Music Reviews New Order
New Order: ∑(No,12k,Lg,17Mif) New Order + Liam Gillick: So it goes..

If you’re looking for a New Order live album chock full of their greatest hits, go pick up Live at the London Troxy or Live at Bestival 2012. If you’re looking for a New Order live album with a more unconventional setlist, a broader artistic vision and a 12-piece synthesizer orchestra, check out this new one, the arty-mathy, horrendously titled ?(No,12k,Lg,17Mif) New Order + Liam Gillick: So it goes..

The performance behind this mouthful of an album title took place at the 2017 Manchester International Festival (MIF), where New Order performed at Manchester’s Old Granada Studios, the same stage where Joy Division performed in 1978 for their television debut on Tony Wilson’s So It Goes.

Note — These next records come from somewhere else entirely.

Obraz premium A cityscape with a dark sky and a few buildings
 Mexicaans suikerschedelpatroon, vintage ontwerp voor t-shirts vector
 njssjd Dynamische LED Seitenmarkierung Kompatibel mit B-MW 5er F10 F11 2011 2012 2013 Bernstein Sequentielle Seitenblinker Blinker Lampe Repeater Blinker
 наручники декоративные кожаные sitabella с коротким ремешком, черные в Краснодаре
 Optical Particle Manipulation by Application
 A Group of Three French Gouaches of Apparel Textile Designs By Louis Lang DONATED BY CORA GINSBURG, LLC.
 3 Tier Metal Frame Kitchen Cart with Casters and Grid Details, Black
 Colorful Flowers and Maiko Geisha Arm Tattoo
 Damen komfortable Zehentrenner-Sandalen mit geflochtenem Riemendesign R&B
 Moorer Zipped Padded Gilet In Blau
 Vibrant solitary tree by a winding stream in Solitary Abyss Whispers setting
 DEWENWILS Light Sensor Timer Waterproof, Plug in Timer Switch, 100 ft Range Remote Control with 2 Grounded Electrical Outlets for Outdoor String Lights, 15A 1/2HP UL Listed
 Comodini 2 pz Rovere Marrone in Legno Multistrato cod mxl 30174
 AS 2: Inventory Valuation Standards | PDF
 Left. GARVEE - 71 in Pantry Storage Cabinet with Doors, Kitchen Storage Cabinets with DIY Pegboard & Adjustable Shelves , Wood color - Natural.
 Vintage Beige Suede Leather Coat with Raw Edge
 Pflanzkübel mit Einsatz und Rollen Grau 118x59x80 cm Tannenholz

“We will not be playing ‘Blue Monday,’” lead vocalist Bernard Sumner told The Guardian ahead of the performance. “Requests will fall on deaf ears. And these days, these ears are pretty deaf to be honest.” Other acts have coasted for years—even decades—playing the same greatest hits-packed setlists, but New Order refuse to play that game. If one thing is totally clear about this live album and New Order more broadly, it’s that Sumner and co. haven’t become vapid, robotic live performers like many other artists loosely categorized as classic pop or rock from their generation.

Their MIF performance featured a bold stage setup and dramatic light show, which “reacted” to the music and was designed by English conceptual artist Liam Gillick. Gillick said his inspiration came from “how [New Order] played with systems within music, but at the same time, remained emotive in creating a feeling of great strength through quite structural, computed invention.” The result was something that blurs the line between performance art, a traditional live music experience and an art installation. The stark, boxed set stacked the dozen synthesizer players from the Royal Northern College of Music on top of each other in rows of six and placed them behind flashing video boards that operated like window blinds. Though we don’t get to experience the show’s visuals on this album, it’s hard not to imagine the geometric setup and beams of color when you hear this performance. But there’s more than enough sonic stimulation here, thanks, in part, to the orchestrations from composer/arranger Joe Duddel.

In order to accommodate an additional 12 musicians, Duddel helped New Order take a wrecking ball to their songs and build them back up again. Right off the bat, the first three tracks sound more refined than their studio versions—somehow more streamlined yet still sweeping. The instrumental version of “Times Change” from 1993’s Republic is more hypnotic, “Who’s Joe” from 2005’s Waiting for the Sirens’ Call has more twinkly might and “Dream Attack” from 1989’s Technique is more modern and focused.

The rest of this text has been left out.